Dealing with a workmate with mood swings

Tuesday December 18 2018

Look out for behaviour or mood patterns of the

Look out for behaviour or mood patterns of the person in order to determine their current state of mind. PHOTO I NMG 

By Desire Mbabaali

Ever worked with someone whose moods you have never really understood? Not the one-off kind of mood swings but the permanent kind of mood swings where a person is happy one moment and is somber the next. Sometimes we live with people who have spontaneous mood swings and may never know that they suffer from mental illness.
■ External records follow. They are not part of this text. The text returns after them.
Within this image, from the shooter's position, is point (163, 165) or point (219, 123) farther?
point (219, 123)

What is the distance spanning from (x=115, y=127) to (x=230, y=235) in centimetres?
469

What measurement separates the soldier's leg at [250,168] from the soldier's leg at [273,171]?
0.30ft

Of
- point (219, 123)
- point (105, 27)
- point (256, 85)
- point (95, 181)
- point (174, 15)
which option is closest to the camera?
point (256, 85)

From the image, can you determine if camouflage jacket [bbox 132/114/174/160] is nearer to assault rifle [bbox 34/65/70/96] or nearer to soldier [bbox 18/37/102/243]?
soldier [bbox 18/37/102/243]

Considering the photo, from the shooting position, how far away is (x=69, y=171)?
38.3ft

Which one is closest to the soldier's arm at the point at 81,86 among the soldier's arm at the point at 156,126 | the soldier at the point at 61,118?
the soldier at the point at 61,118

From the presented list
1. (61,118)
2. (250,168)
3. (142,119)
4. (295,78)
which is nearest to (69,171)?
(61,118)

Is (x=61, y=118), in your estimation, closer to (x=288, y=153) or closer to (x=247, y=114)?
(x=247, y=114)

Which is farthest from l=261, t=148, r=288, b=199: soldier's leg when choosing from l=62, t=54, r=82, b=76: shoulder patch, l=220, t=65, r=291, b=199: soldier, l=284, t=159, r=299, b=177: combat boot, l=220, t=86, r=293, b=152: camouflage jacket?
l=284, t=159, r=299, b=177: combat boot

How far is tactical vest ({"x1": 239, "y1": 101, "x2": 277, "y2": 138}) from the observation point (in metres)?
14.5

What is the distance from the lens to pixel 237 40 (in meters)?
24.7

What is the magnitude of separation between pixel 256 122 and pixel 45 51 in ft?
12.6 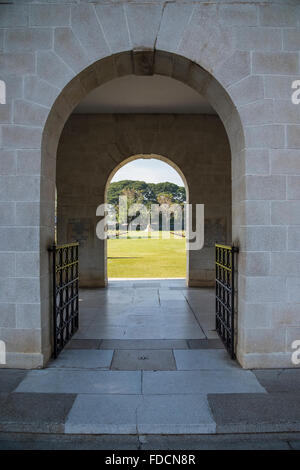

Mental illness: “Usually, such a person has a mental condition that is leading to that sudden change in mood and behaviour. Sometimes these changes don’t stand alone, they are usually other mental health problems underlying,” Innocent Ntabazi, a psychiatric nurse at Butabika mental hospital, says.

Ntabazi, adds that the problem, is that people around and living with such a person may just brush it off or neglect it as a person’s behaviour, but if someone has some abnormal situations or mood swings for a long time, then they ought to seek medical attention, he advises.

“Being supportive towards such a person and encouraging them to seek medical attention is the best way to deal with such people. They may also be hesitant in accepting that they need help, but you can have them convinced overtime,” Ntabazi notes.

According to the Depression and other common mental disorders: Global Health Estimates, a 2017 report by the World Health Organisation, Uganda came sixth out of 50 African countries with the highest cases of mental disorder. According to the report, 1.7 million, that is; (4.6 per cent) of Ugandans suffer from depressive disorders and 1.07 (2.8 per cent) from anxiety disorders. Depression is among the causes of mood swings.

Don’t push them to the limit: Dealing with a colleague with mood swings is never an easy task, however, it is possible.

Dorothy Arinaitwe, a counselling psychologist, says pushing these people to their limits is never a good idea.

“When you work close to them or observe them enough, you will discover there are things that trigger this change in mood. So, don’t use this as a soft spot to hit every time you do not agree, instead, desist from these triggers to keep your work relationship or environment good for you but also for other people,” she cautions.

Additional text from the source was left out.